I was told to watch this movie by my cousin, she told me it was good.  The replies in this thread makes me think twice.


----------



## Telling Lies (Dec 28, 2006)

Crap, should I wait for DVD?


----------



## Mrs. Hatake (Dec 28, 2006)

I'm sorry but the movie did not live up to what I thought it was. The book is way better. The movie seemed just a little kiddie to me, but who knows maybe it was just me. My friend didn't like it either, and she was the one to get me into the books. She hated it, and she nevers hates movies.


----------



## Abarai Renji (Dec 30, 2006)

the first book was a great read, the second was alright and the movie was terrible. Trying to follow in the footsteps of harrypotter and lotr and not being true to the book was what killed it in my mind


----------



## AshCrestedHeart (Dec 30, 2006)

So I take it we won't see the dead baby spike to the top of the piled dead people?


----------



## Khamzul (Jan 2, 2007)

Here is an example from the movie:

Eragon walks thorugh the mountains. He is a young farmboy. 
Suddenly a huge man jumps at him from 2 meters above an tries to split him in half with a giant sword. Eragons friend then takes up Eragons sword and murders the attacker with one blow (which makes the attacker silent and not screaming in pain, I did not see any blood either).

Eragon then looks up at his friend and smiles: "I owe you one."

My advice: I might have enjoyed this if I was 9 years old. This movie is childish, and I can tell it is a rape of the book without even reading it. I think I'll read the book instead though, since it looks to have potential. 
But this movie is not worth it unless you get in free.


----------



## Goom (Jan 7, 2007)

They probably saw how people didnt like Lotr  so long.  So the director wanted to shorten it.  But sadly he failed, i would rather watch a longer movie that is better then a short one that cuts out huge gaps in the storyline.



AshCrestedHeart said:


> So I take it we won't see the dead baby spike to the top of the piled dead people?
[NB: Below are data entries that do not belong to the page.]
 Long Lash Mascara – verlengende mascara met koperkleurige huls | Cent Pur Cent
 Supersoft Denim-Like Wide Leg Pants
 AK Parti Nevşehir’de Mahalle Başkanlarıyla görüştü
That whole part where the whole village is dead is cut out totally.


----------



## Crowe (Jan 7, 2007)

They raped it. Wtf with Saphira growing so fast? It seems liek they just pressed fast forward and skipped lots of things that actually make Eragon the good story that it really is.


----------



## Hyouma (Jan 8, 2007)

pek the villain said:


> They raped it. Wtf with Saphira growing so fast? It seems liek they just pressed fast forward and skipped lots of things that actually make Eragon the good story that it really is.





WolfKiDD said:


> OMG yea! i when i saw it i was like, "wtf?"
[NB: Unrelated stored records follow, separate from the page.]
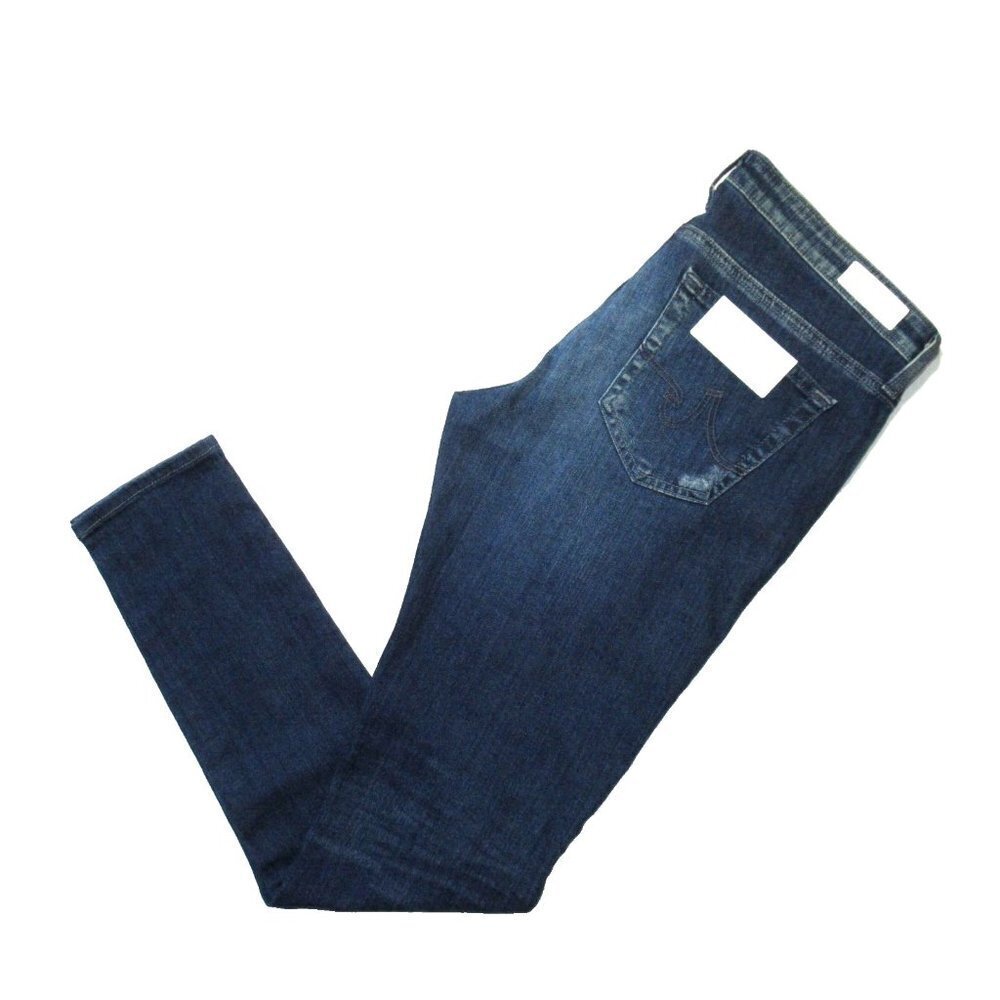 NWT Adriano Goldschmied AG The Legging in 17 Year Ripped Stretch Skinny Jeans 31 - Picture 6 of 6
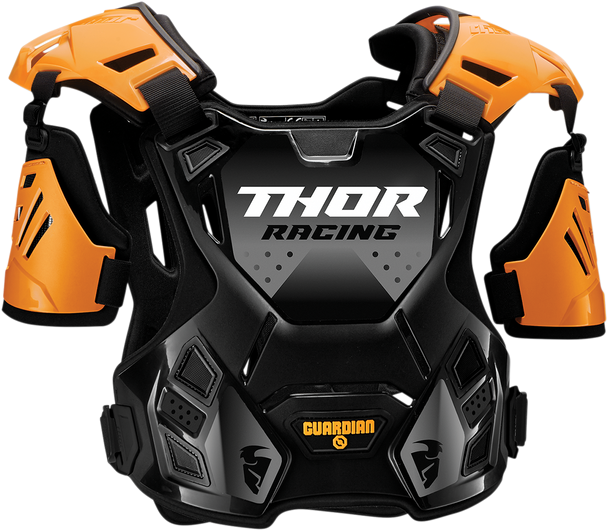 Thor Guardian Deflector - Orange/Black - M/L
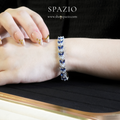 Azure Leaf Bracelet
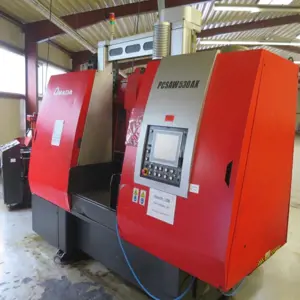 CNC automatic band saw Amada PCSAW 530 AX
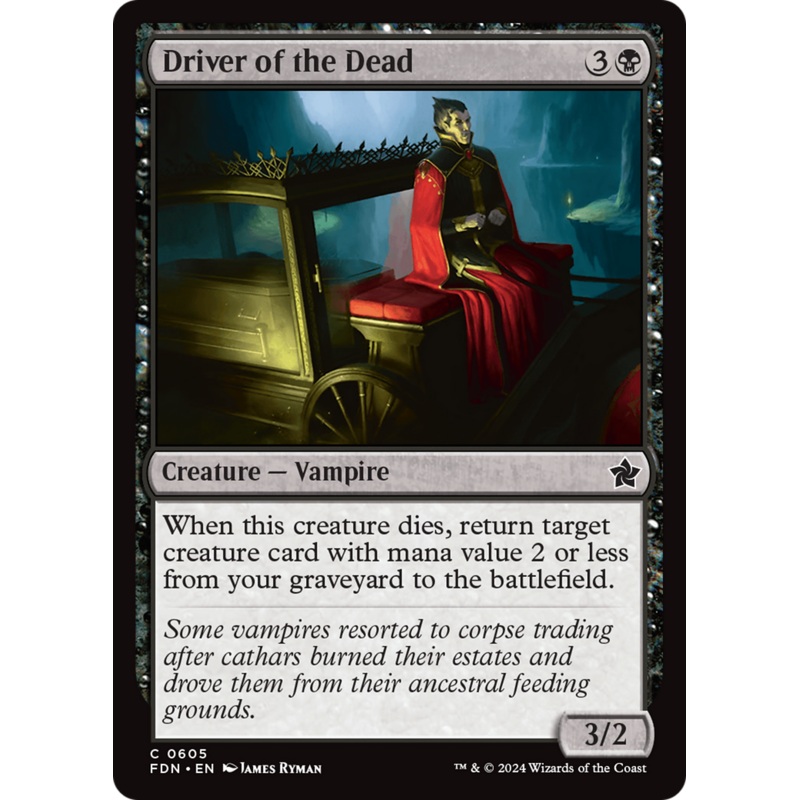 Driver of the Dead [Foundations]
I was more like LOL, hilarious scene!

Evil army invades the good guys' hideout, they show the fight between Durza and Eragon, and voila, evil army is suddenly defeated and somehow everyone is okay and cheering.  That's when I said "wtf".
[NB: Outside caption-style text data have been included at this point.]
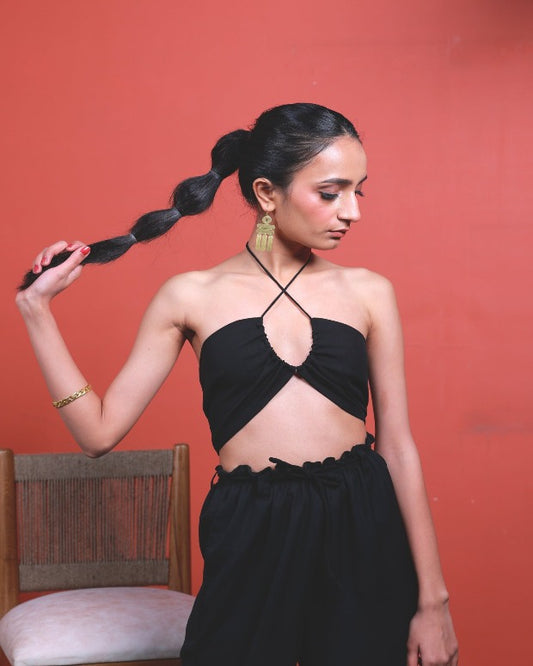 Sasha Top - Midnight Black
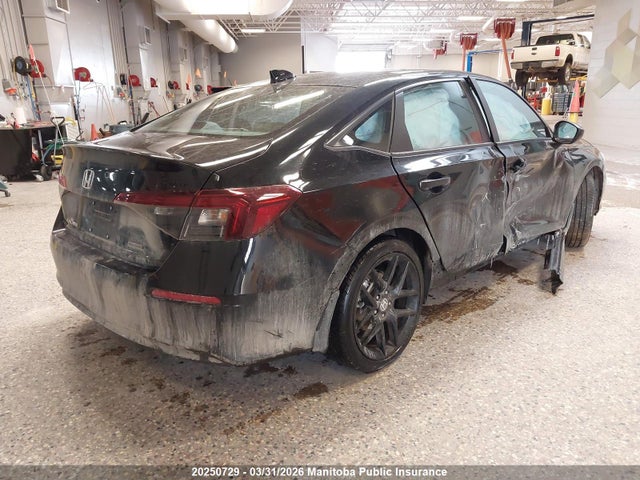 2026 Honda Civic Sport Hev მანქანა იყიდება აუქციონზე, vin: 2HGFE4F83TH001791, აუქციონის ნომერი: 20250729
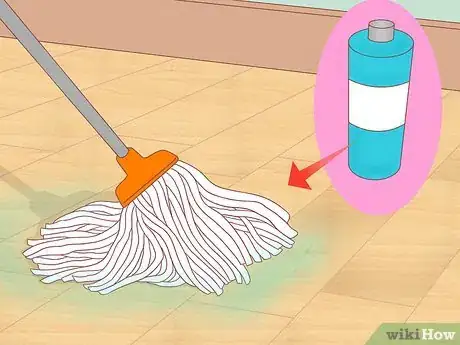 Imagen titulada Clean Parquet Floors Step 8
I had some great laughs though.  That's how crappy this movie is.


----------



## Undomiel (Jan 8, 2007)

I didn't read the book, but I usualy love fantasy films.  
This one I was bored from the beginning to the end! Really 5 mins of battle action, the rest was no good. 
And the end was boring too, no romance at all, no action at all and the relationship between Eragon and the dragon was not as deep as they said it was important to have her powers...  6 euros for this is a shame...


----------



## Wingman? (Jan 13, 2007)

I never read the first book, and I saw Eragon. For someone who has not read the books, its a pretty good movie. It gives of a Lord of the Rings feel and is an overall good movie. However, I read #2 , which had a synopsis of #1 in it, and I a now dissapinted with the movie. They left a lot out, including


*Spoiler*: __ 



When Eragon gets the large cut on his back, which influences the 2nd book greatly, and when they broke the Dwarves giant jewel, which it also greatly mentioned...




Overall, I think It was a good movie, but a disgrace to the book.


----------